___ DATASET EXCERPTS

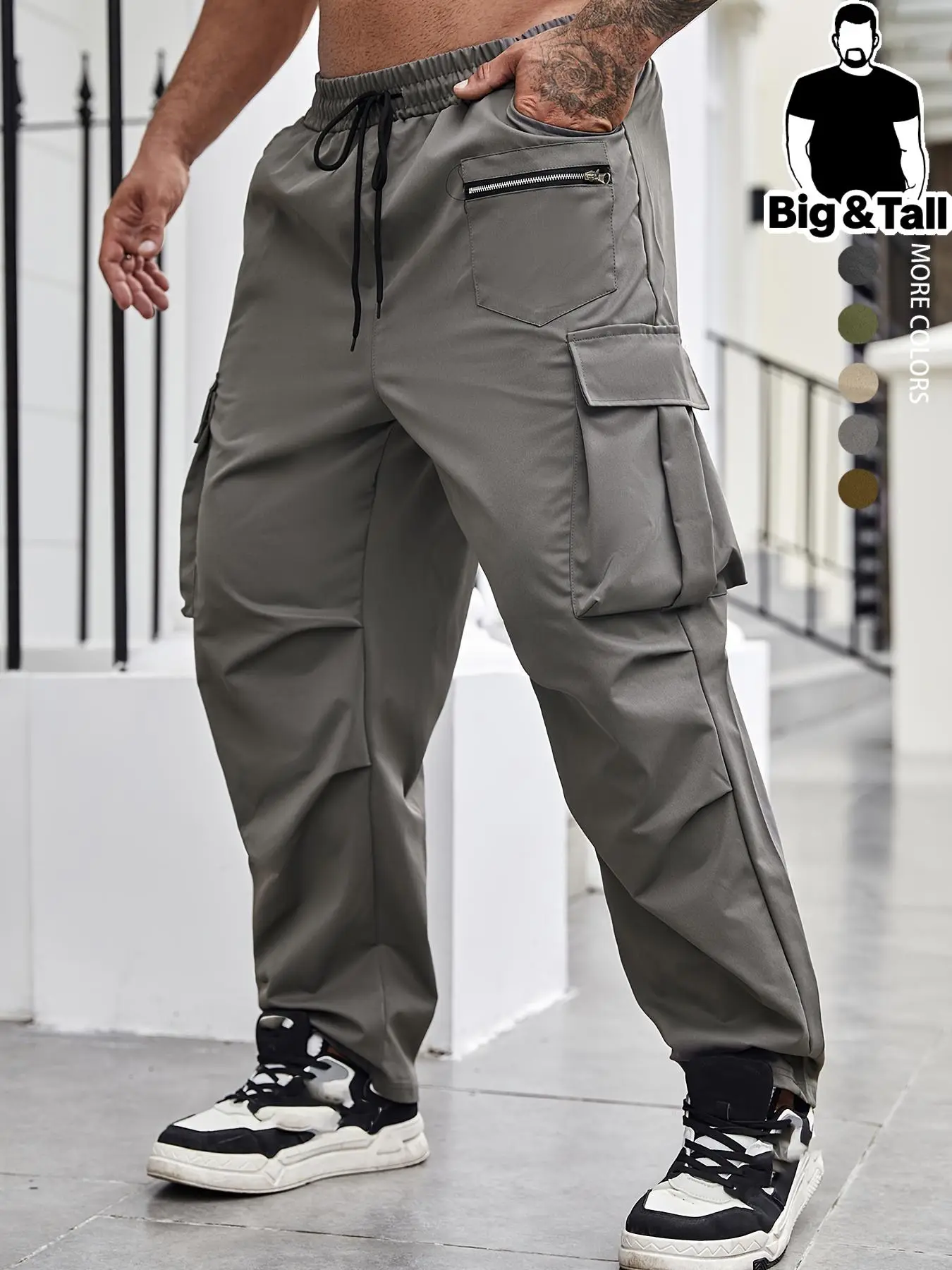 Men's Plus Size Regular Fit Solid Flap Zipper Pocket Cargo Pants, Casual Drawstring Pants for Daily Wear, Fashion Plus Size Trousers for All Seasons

______
___ DATASET EXCERPTS

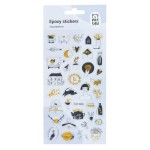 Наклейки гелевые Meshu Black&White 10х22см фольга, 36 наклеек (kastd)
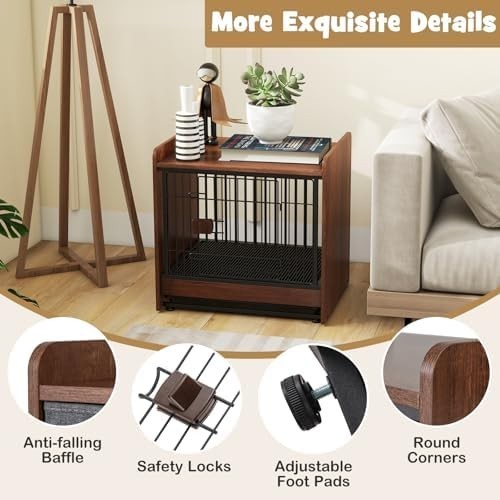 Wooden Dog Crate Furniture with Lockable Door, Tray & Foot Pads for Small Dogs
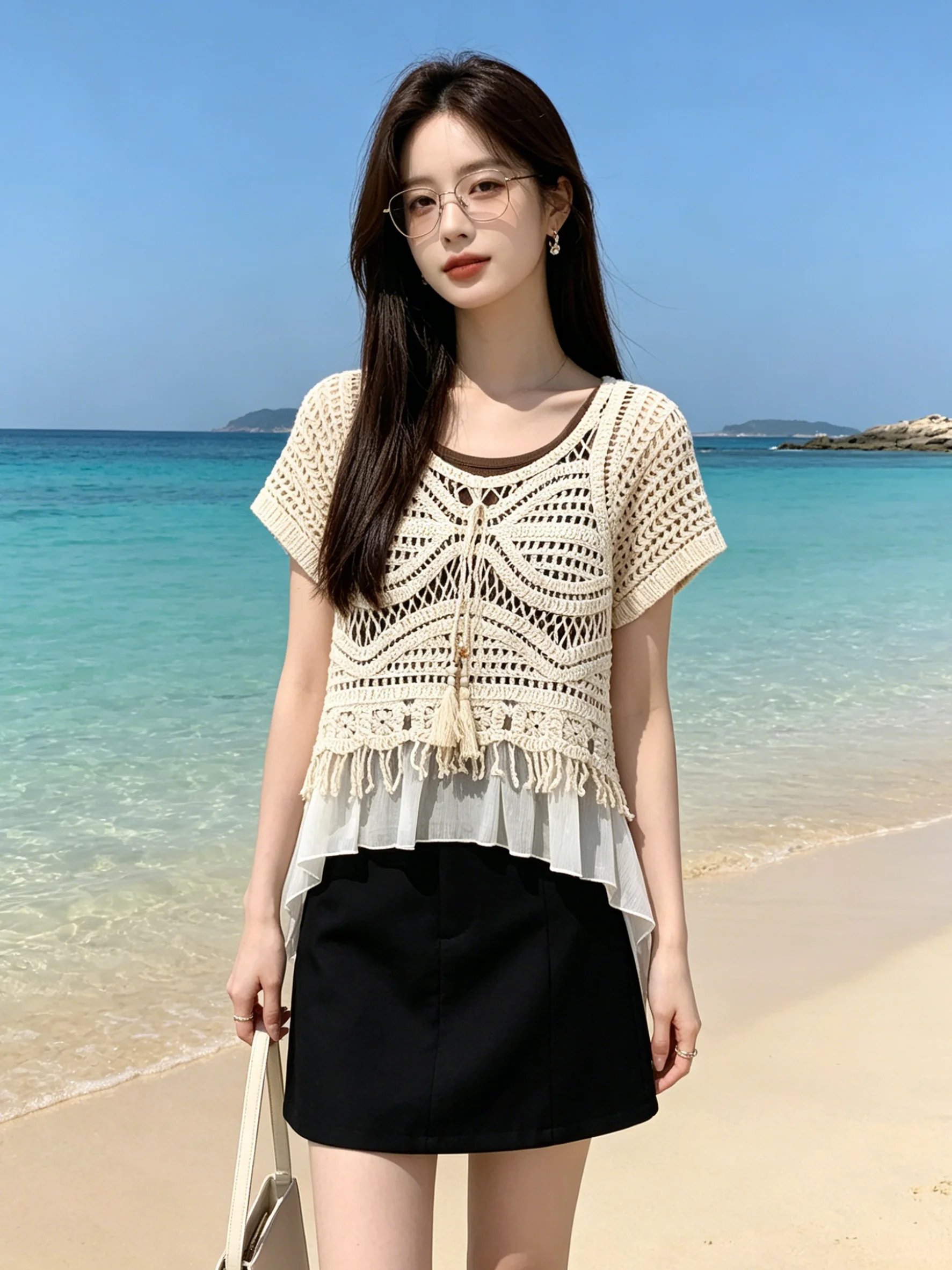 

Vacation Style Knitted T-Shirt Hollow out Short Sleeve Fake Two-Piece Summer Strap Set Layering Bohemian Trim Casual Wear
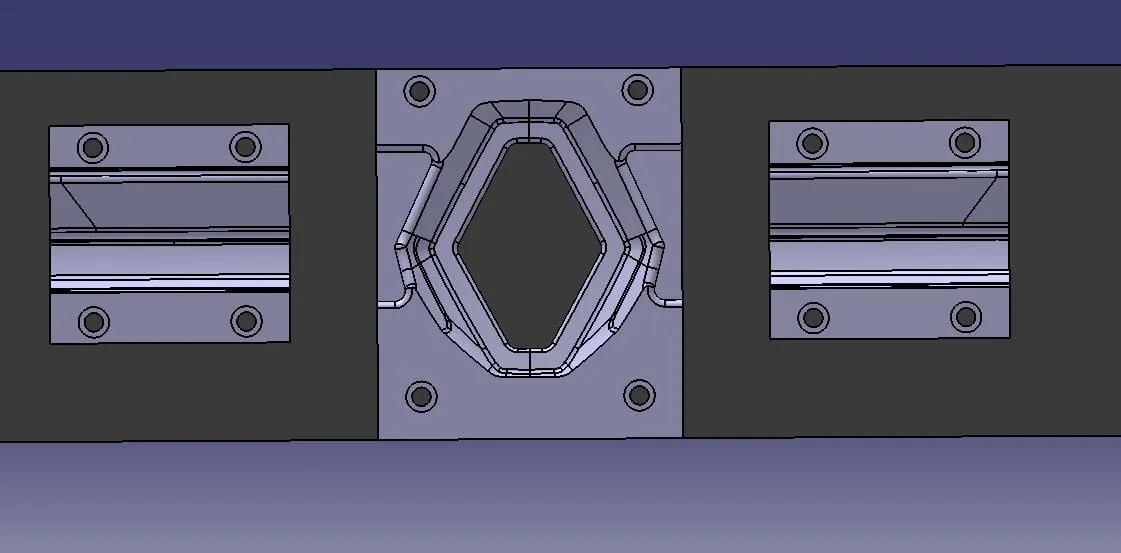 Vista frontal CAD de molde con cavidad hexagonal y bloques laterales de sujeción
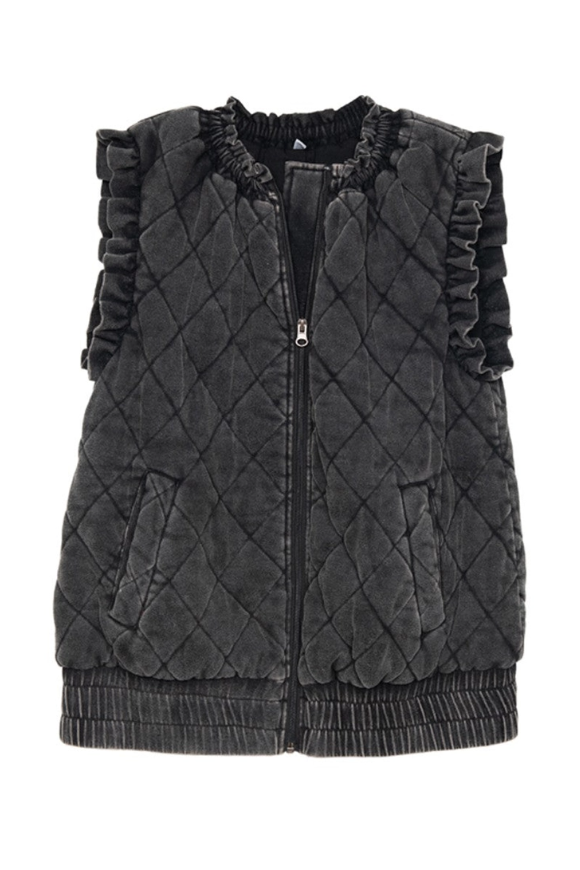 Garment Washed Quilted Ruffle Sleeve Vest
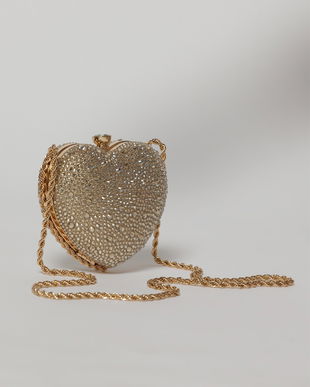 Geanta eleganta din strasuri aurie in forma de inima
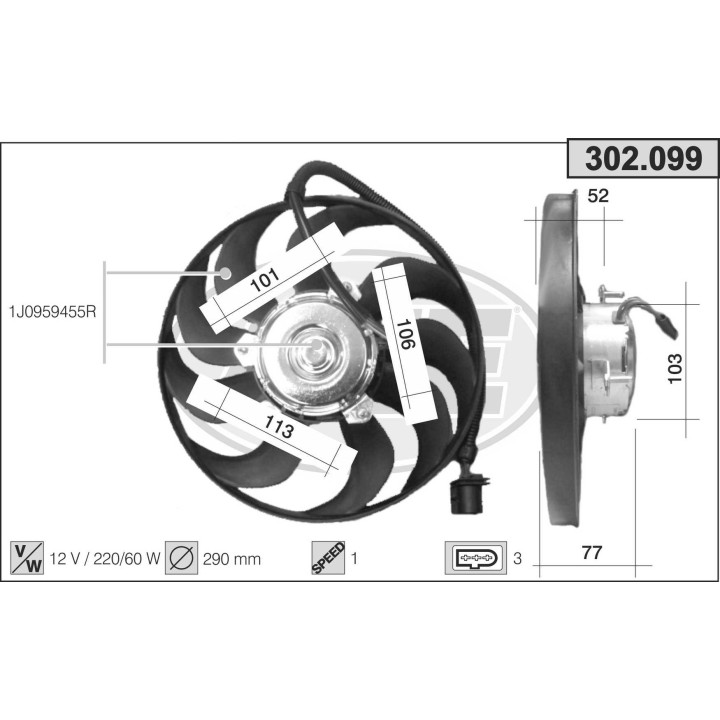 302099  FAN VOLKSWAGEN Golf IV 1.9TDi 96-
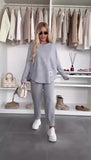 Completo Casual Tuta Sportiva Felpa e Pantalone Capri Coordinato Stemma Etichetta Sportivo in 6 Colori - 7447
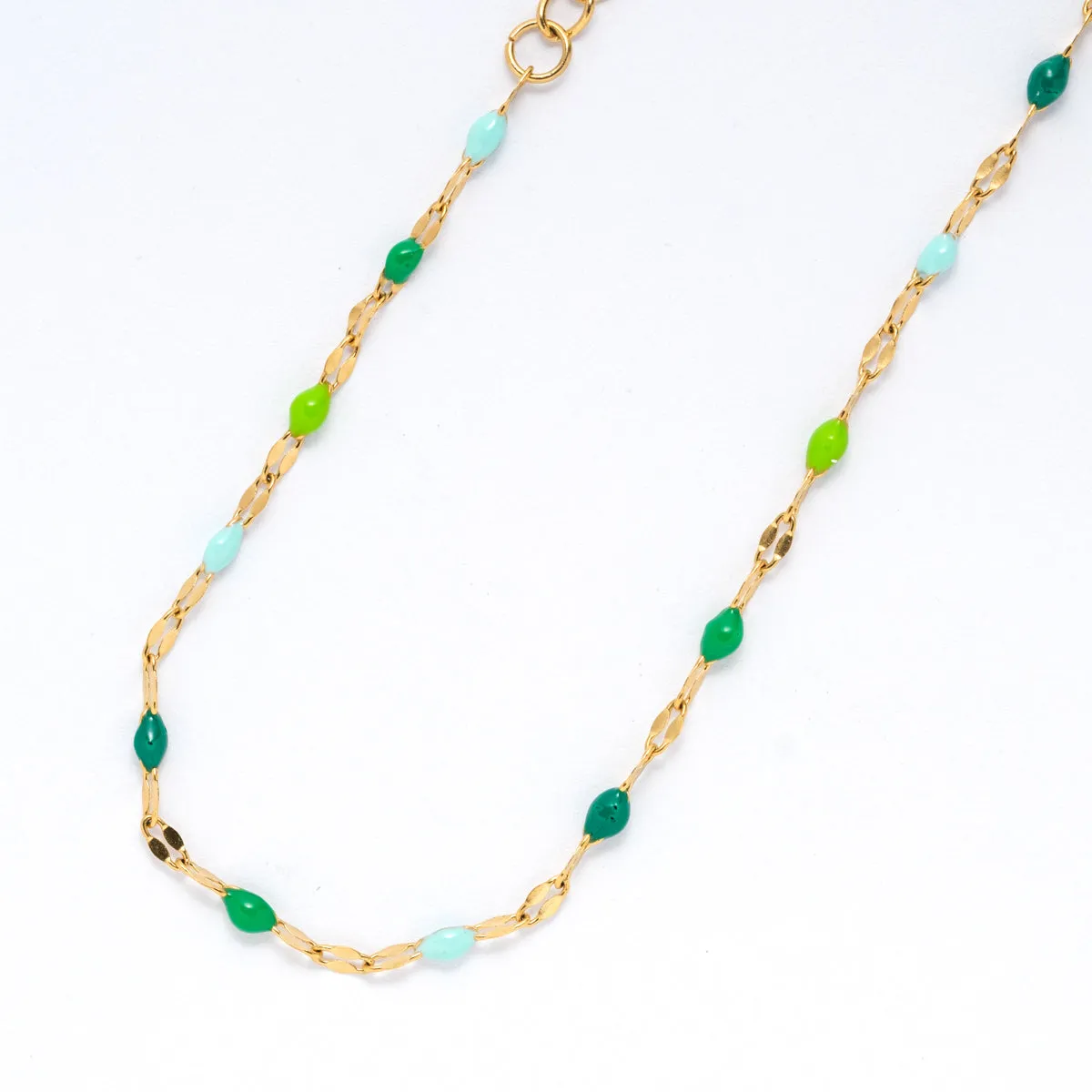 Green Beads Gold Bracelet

______

§ **WHAT THIS TASK INVOLVES**:
Print exactly the lines above that run from the one with "Vista frontal CAD" down to the one with "Green Beads Gold Bracelet", and omit the pictures.

§ **EXERCISE ANSWER**:
 Vista frontal CAD de molde con cavidad hexagonal y bloques laterales de sujeción
 Garment Washed Quilted Ruffle Sleeve Vest
 Geanta eleganta din strasuri aurie in forma de inima
 302099  FAN VOLKSWAGEN Golf IV 1.9TDi 96-
 Completo Casual Tuta Sportiva Felpa e Pantalone Capri Coordinato Stemma Etichetta Sportivo in 6 Colori - 7447
 Green Beads Gold Bracelet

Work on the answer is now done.